Periods of stress are a normal part of our busy lifestyles. After all, juggling work, family, financial, social and personal commitments isn’t always a breeze.

But have you ever wondered how this stress may manifest in the body?

You may have heard of the ‘fight or flight’ response. It triggers the body to enter survival mode when we encounter stressful, potentially life-threatening situations.

Unfortunately, our bodies might not always distinguish dangerous situations from normal day-to-day stress and may activate ‘flight or fight’ unnecessarily.

This response happens very quickly. In fact, its so quick that we’re often unaware of the changes that are happening inside our body in response to stress.

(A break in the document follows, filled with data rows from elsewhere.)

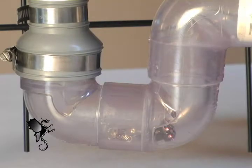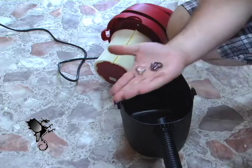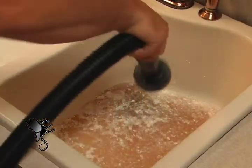Have you ever dropped jewelry down the drain? Did you ever have a nasty kitchen sink clog you just couldn't get rid of? Wait and see what the Eco Drain Dragon can do for you.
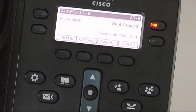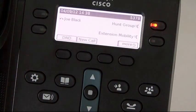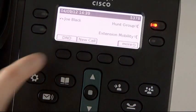Using Do Not Disturb to silence the ringer for all calls: press the More softkey whilst the phone is idle, and then the DND softkey.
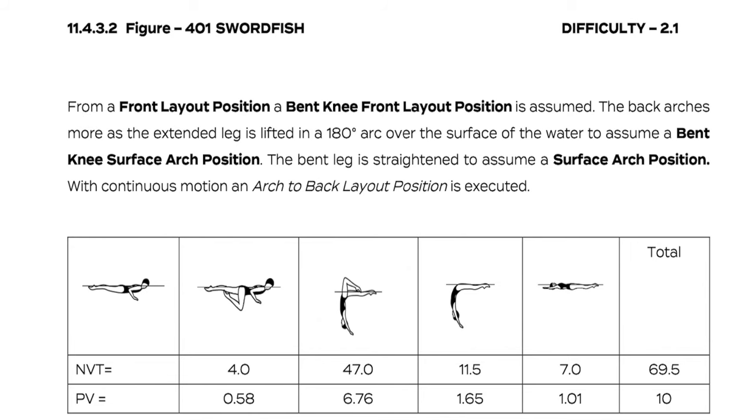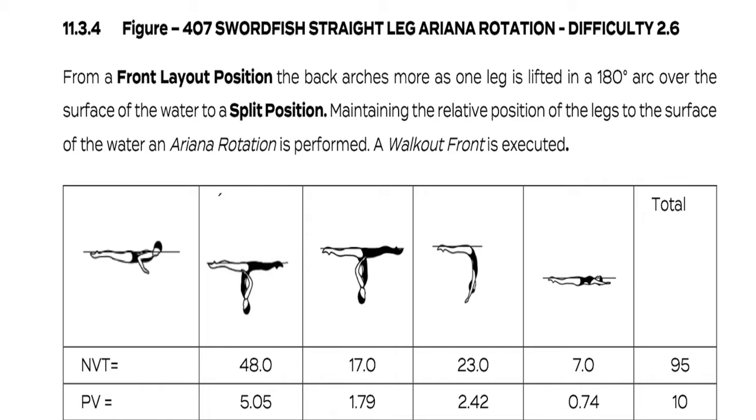The first one is in the under-12 category, simply named swordfish. The other one is in the under-15 category, named swordfish straight leg ariana rotation — it starts with swordfish and then transitions to a split. The main difference is that in the U12 category, one leg is extended and one is bent, so the athlete lifts both at the same time and finishes in an arched bent knee position. In the U15 category, the athlete lifts a straight leg and finishes in the split. Today I will focus on the U12 swordfish, but the principles are quite the same in both cases.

One of the physical manifestations of a prolonged ‘flight or fight’ response may be inflammation. Ordinarily, inflammation is a normal part of the body’s healing process and is one part of the immune system’s response to cuts and scrapes as well as foreign bugs and germs.

However, when the longer the body remains in ‘flight or fight’ mode, the more damaging inflammation may become. This may lead to inflammatory chemicals starting to attack the body itself.

One example of this is inflammatory joint pain, where the joint tissues are attacked by inflammatory chemicals and may lead to pain, inflammation and swelling (15-22).

Tips That May Help To Relieve Mild Stress

If you have any concerns about your mental health, a suitably qualified health professional will be able to provide tailored advice for how to manage your stress.

You may also find it useful to integrate the following practices into your day-to-day routine:

  • Exercise regularly – Exercise releases ‘feel good’ hormones called endorphins, which may help you to feel less stressed. It’s also been shown that spending time in nature may help to support your mood, so exercising outdoors may also be beneficial during stressful periods. Exercise is also an important part of pain management.
  • Practice meditation and mindfulness – Mindfulness and meditation encourages you to focus on your breathing and keep your mind on the present. Over time, this may help you to stop past or future concerns from occupying your thoughts, settling the mind and reducing stress levels. Try incorporating just a few minutes into your daily routine.
  • Write a to-do list – Organising your priorities may help to reduce stress if you feel overwhelmed by the number of tasks you have to do. Writing a to-do list helps to clear your mind and visualise what you need to achieve, so you may tackle one thing at a time.
  • Take some time out – Allowing yourself the time to pause and rest the mind is important. If you feel yourself getting stressed, stopping to take some deep breaths may relax your body and calm your mind.
  • Get enough sleep – Getting enough sleep every night may reduce feelings of stress the next day. Conversely, inadequate sleep may less able to concentrate and consequently more stressed by the tasks at hand. Learn more about sleeping with mild pain.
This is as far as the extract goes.